GULLANE, SCOTLAND | Nelly Korda and Minjee Lee may win major championships, but we can safely say that neither would last five minutes on the U.K.-based reality show “I’m a Celebrity … Get Me Out of Here!”
To explain, it was during the course of their pre-tournament news conferences at the AIG Women’s Open at Muirfield that the two showed themselves to be among the LPGA Tour’s most serious arachnophobes.
All the usual arrangements had been made for a player and the conference convenor to sit side-by-side at a desk, which, perhaps for the purposes of accommodating an electric cable, had a hole the size of a squash ball in its top.
A venomous Brazilian spider once arrived in London via a bunch of bananas, but this chap, legs and all, was not too much bigger than a ball marker.
The Korda conference was barely under way – she was talking about the change of climate from one practice day to the next – when a spider popped up through the said hole and the American emitted a seismic yelp. “Oh, my God! That is a huge spider right here!”
The convener happened to be an Australian and, as one who knew her spiders, she was able to reassure Korda that her life was not in danger. (A venomous Brazilian spider once arrived in London via a bunch of bananas, but this chap, legs and all, was not too much bigger than a ball marker.) Again, like any other U.K. spider, it did not pose any kind of a threat beyond a little nip. The convenor flicked it gently from the table, and that, presumably, was the end of the matter.

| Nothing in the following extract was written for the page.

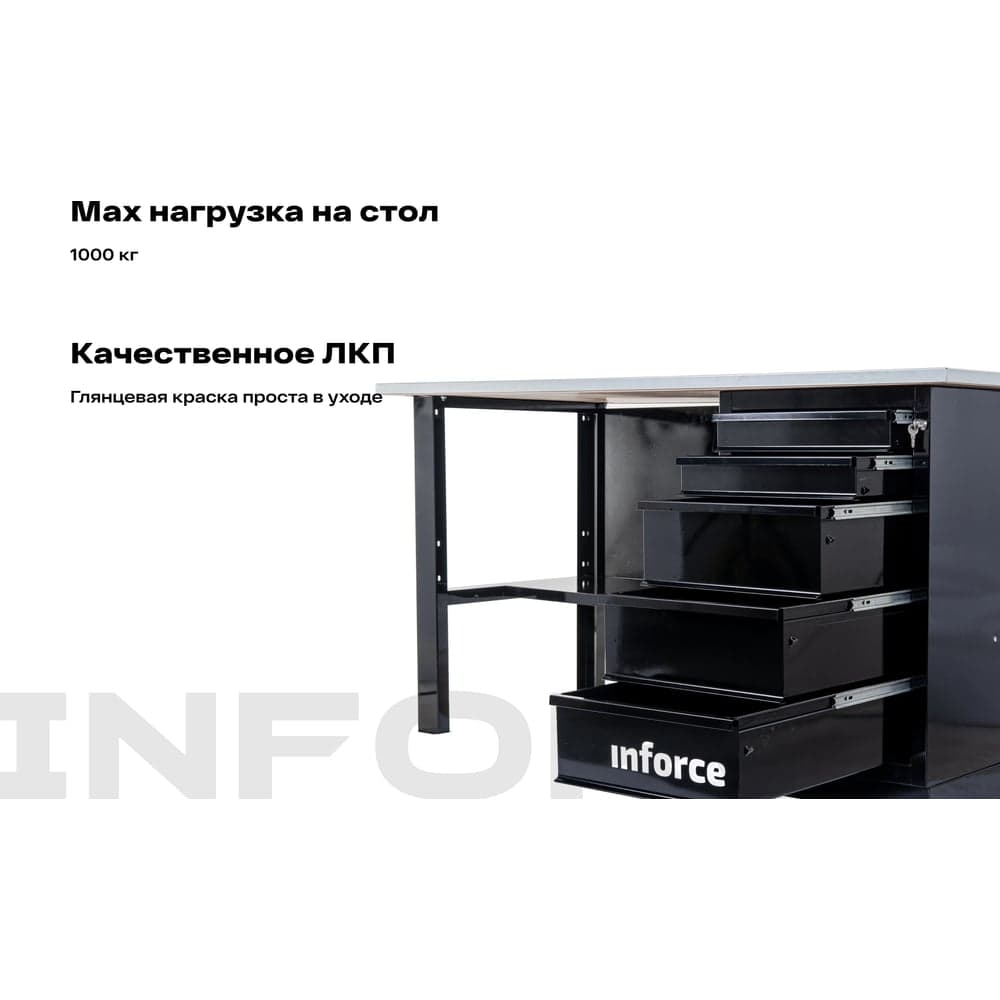 Верстак с драйвером Inforce 1600х686х845 LW-2 допустимая нагрузка на стол 1000кг, 05-01-006 — фото 4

It was not. Korda, who would have preferred for the official to come up with a more permanent solution, was soon in even more of a state. “It’s worrying when it disappears,” she said. “That’s what I don’t like. It’s somewhere under the table. It’s just not the kind of situation I want to be in.”
The player made her escape, and the spider saved its next pop-up-show for the arrival of the U.S. Open champion Minjee Lee. Though this proud Australian would never have dared to make a fuss, her shaky voice told its own story. Afterwards, she conceded that she had never had any altercations with spiders in her homeland, but she hated them nonetheless. “I was really struggling to concentrate,” she said.
A couple of hours later, the convenor crawled under the table to catch up with the spider and move it along before it could make for trouble when the R&A hierarchy arrived for their media session.
Wherever the insect was heading, no one was unkind enough to suggest that it might find a new base in Muirfield’s 18th hole – and time its next appearance to coincide with some poor arachnophobe preparing to tackle a 2-footer.